**EXERCISE DATA**
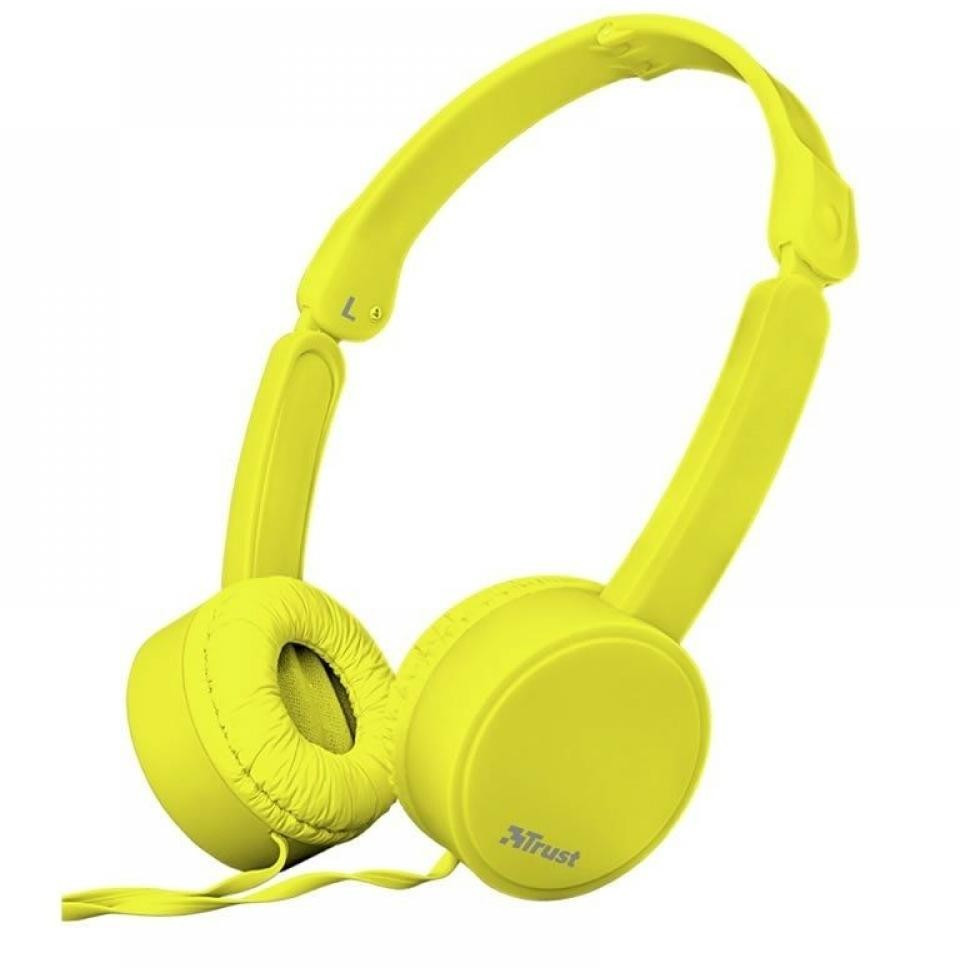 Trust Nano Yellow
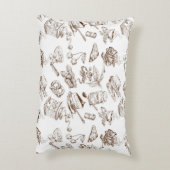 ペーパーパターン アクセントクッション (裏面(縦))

==

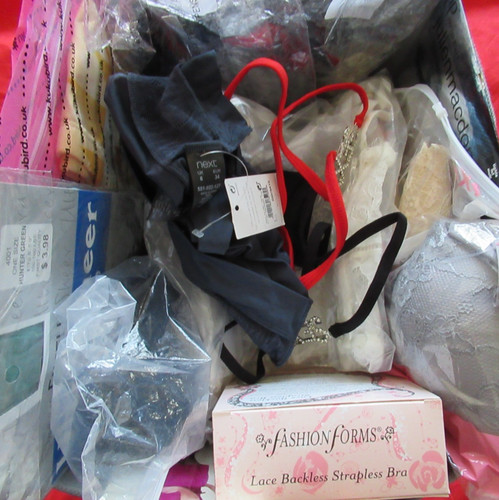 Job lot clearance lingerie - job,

...

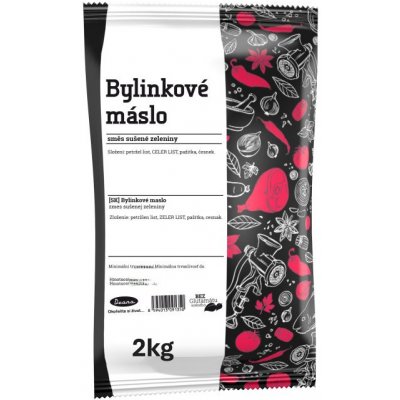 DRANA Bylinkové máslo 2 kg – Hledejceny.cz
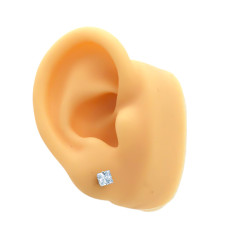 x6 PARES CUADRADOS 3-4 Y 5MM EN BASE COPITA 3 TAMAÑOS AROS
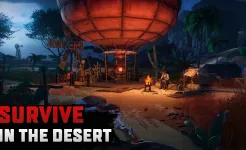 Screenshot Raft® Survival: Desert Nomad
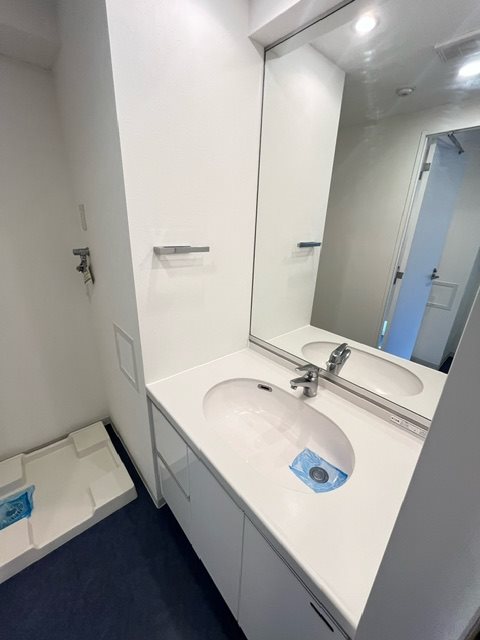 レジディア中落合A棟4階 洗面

**WHAT YOU NEED TO DO**
Return the material from the line containing "DRANA Bylinkové máslo 2 kg – Hledejceny.cz" through the line containing "レジディア中落合A棟4階 洗面", exactly and in full, but without its pictures.

**ANSWER TO THE PROBLEM**
 DRANA Bylinkové máslo 2 kg – Hledejceny.cz
 x6 PARES CUADRADOS 3-4 Y 5MM EN BASE COPITA 3 TAMAÑOS AROS
 Screenshot Raft® Survival: Desert Nomad
 レジディア中落合A棟4階 洗面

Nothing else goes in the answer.